„Wenn du den Himmel wolltest, hieß es, hättest du vielleicht nicht hierhergekommen sollen. Aber wenn du glaubst, dass deine Füße dich tragen, dann gibt’s ja immer noch Amerika.“
Schätzungsweise zwölf Millionen illegale Einwanderer leben in den USA. Die meisten stammen aus dem Nachbarland Mexiko, viele aus Asien, allen voran aus China und Indien. Zou Lei ist halb Han-Chinesin, halb Uigurin. Als junge Frau und einige Jahre nach dem frühen Tod ihres Vaters als Soldat der Volksbefreiungsarmee verschlägt es sie nach New York. Sie jobbt in Schnellrestaurants, verkauft DVDs in der U-Bahn. Ihr Alltag ist bestimmt, das nötige Geld zu verdienen und nicht von der Polizei entdeckt zu werden. Der Roman „Vorbereitung auf das nächste Leben“ des Amerikaners Atticus Lish erzählt ihre Geschichte und von weiteren Schicksalen.

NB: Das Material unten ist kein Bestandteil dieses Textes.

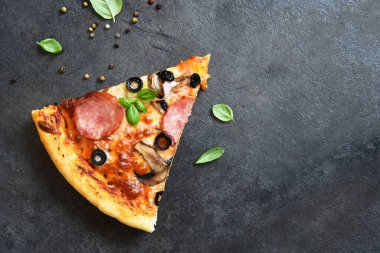 Siyah arka planda salamlı, mantarlı, zeytinli ve fesleğenli pizza dilimleri. Üst görünüm.
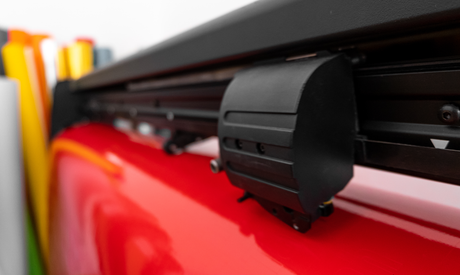 Close-up of a vinyl cutter's black blade holder on a red base, with colorful rolls of vinyl in the background, showcasing its precision and design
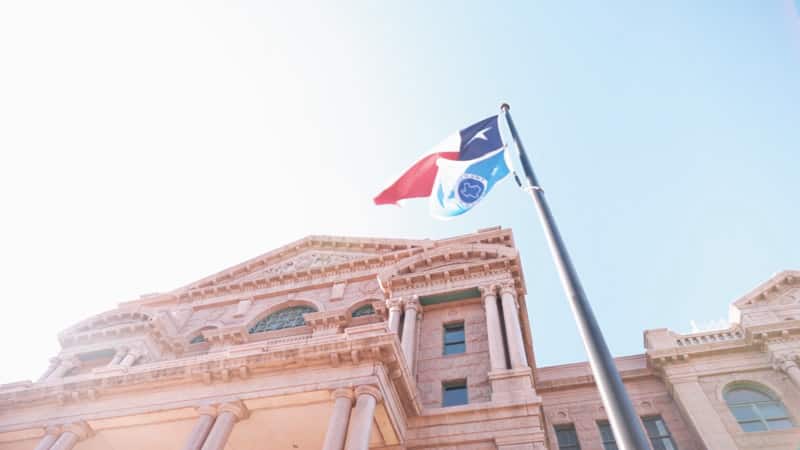 Texas flag outside of the Tarrant County, TX courthouse.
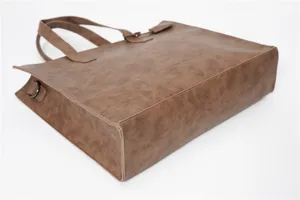 Brown PU leather tote bag side detail, casual minimalist shoulder handbag for daily commuting.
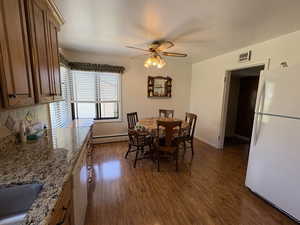 Dining area featuring a ceiling fan, dark wood-style flooring, and a baseboard heating unit
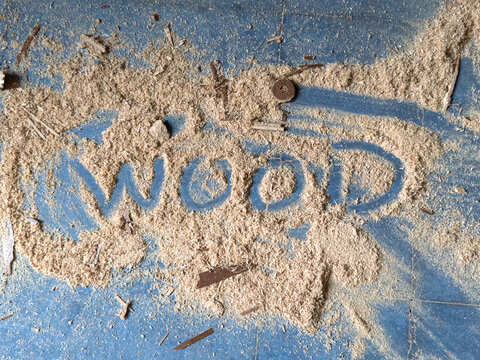 word wood spelled out in sawdust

In New York trifft sie auf Brad Skinner, einem ehemaligen Soldaten, der nach drei Einsätzen im Irak in sein Heimatland zurückkehrt ist. Ihre Begeisterung für Fitness und Sport verbindet sie. Mit der Zeit werden die beiden ein Paar, das nahezu täglich meilenweit durch die Mega-City läuft. Doch die innige Beziehung verläuft indes nicht ohne Reibungen und teils heftigen Auseinandersetzungen. Denn Skinner ist psychisch labil und nach einer schweren Verletzung und dem Verlust eines Kameraden während eines Einsatzes schwer traumatisiert. Während Zou Lei hart für ihr mageres Gehalt schuftet, lebt er in den Tag hinein, versinkt im Alkohol und einem ausufernden Tablettenkonsum. Stimmungswechsel, Depressionen und Wutausbrüche sind alltäglich. Zudem plagen ihn Albträume und Selbstmordgedanken. Eine geladene Beretta ist immer in Reichweite. Die Situation spitzt sich zu, als in das Haus, in dem Skinner im Kellergeschoss haust, der älteste Sohn der Vermieterin nach einer mehrjährigen Haftstrafe wieder einzieht und für Unfrieden und eine bedrohliche Atmosphäre sorgt.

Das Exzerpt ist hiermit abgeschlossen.